You do not have to prove that abuse is occurring; in fact, you don’t even have to know if it is. If you suspect child abuse, you can and should report it. Simply tell the authorities about what you saw or experienced that led you to believe that a child was experiencing abuse. Be as honest and thorough as possible. The branch of child protective services (CPS) in your state will then determine whether or not an investigation is necessary. If it is, they will take next steps after receiving your report to investigate and intervene.
How to Report Child Abuse
How you report child abuse — and who you report it to — varies from state to state. The Child Welfare Information Gateway maintains a list of state child abuse and neglect reporting numbers and websites where you can reach out to disclose abuse. You can also call the Childhelp National Child Abuse Hotline, which is available 24 hours a day, seven days a week, for assistance and information on how to report abuse and the proper place to report it to. However, if someone is in serious or imminent danger, call 911 immediately to get help.
How to Offer Support After Abuse
Children who have been abused need different care and support than children who have not been abused. As an educator, social worker, or other professional involved in their life, you need to understand the effects they may face now and in the future because of abuse, and what they need from the positive adult relationships in their lives to heal and overcome it. Always be patient, supportive, and respectful as you help them build up their confidence and self-esteem in a safe and structured environment. Though helping children cope with abuse can be difficult, it’s much better to speak up and get them the help they need.
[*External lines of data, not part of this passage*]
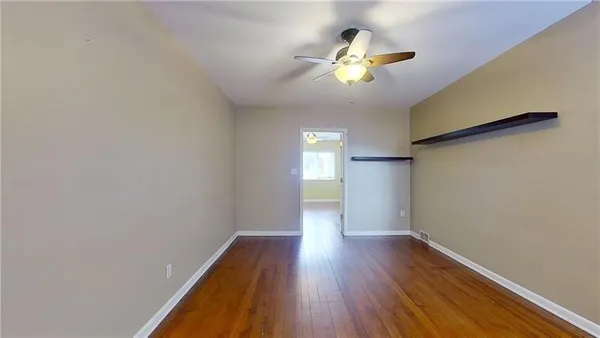 a view of empty room with wooden floor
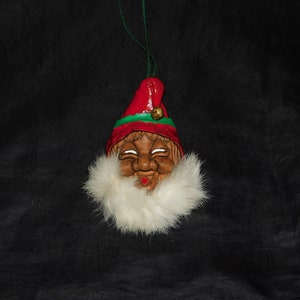 May include: A handmade Christmas ornament featuring a whimsical, brown-skinned elf face with a white fur beard and a red hat with green trim. The ornament has a bell attached to the hat.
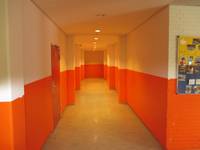 Flur mit Wänden die im unteren Teil orange angestrichen sind, links vorne eine Tür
Additional Resources and Further Reading
For more information on child abuse prevention and intervention, consult the following resources and organizations:
- AVANCE: This nonprofit organization works to strengthen low-income families by helping them overcome isolation and lack of opportunity.
- Child Welfare Information Gateway: A service offered by the federal Children’s Bureau, this website aims to protect the welfare of children with educational materials and resources.
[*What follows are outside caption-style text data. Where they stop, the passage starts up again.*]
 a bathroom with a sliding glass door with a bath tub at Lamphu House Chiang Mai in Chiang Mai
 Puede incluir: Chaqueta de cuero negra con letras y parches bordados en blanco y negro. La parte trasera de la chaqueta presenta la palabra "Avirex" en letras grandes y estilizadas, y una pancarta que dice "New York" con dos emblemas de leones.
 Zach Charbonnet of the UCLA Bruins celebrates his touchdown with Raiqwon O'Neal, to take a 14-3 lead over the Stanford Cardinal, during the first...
- CyberTipline: This hotline takes reports of online exploitation of children, and will help reporters determine the best law enforcement agency or authority to contact.
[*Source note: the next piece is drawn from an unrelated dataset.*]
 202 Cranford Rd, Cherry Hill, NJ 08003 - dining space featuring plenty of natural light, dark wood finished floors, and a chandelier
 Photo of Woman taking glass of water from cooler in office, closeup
- GenerationFIVE: This organization’s goal is to put an end to child sexual abuse within the next five generations.
- International Society for Prevention of Child Abuse and Neglect: This is the world’s only international organization that connects different professionals to prevent child abuse.
- The National Child Traumatic Stress Network: Created by Congress as part of the Children’s Health Act, this organization works to improve access to the services that traumatized children, their families, and their communities need.
- Parents Anonymous: This organization helps strengthen family bonds to help prevent abuse and neglect before it ever happens.
- Prevent Child Abuse America: This nonprofit organization works to prevent child abuse and neglect, and improve the health and wellbeing of children across the U.S.
- The Resilience Project: This organization works to help build up the resiliency of and support children who have been exposed to violence, adverse childhood events, and trauma.
- Stop It Now!: This nonprofit group works to prevent child sexual abuse by strengthening and educating communities all around the country.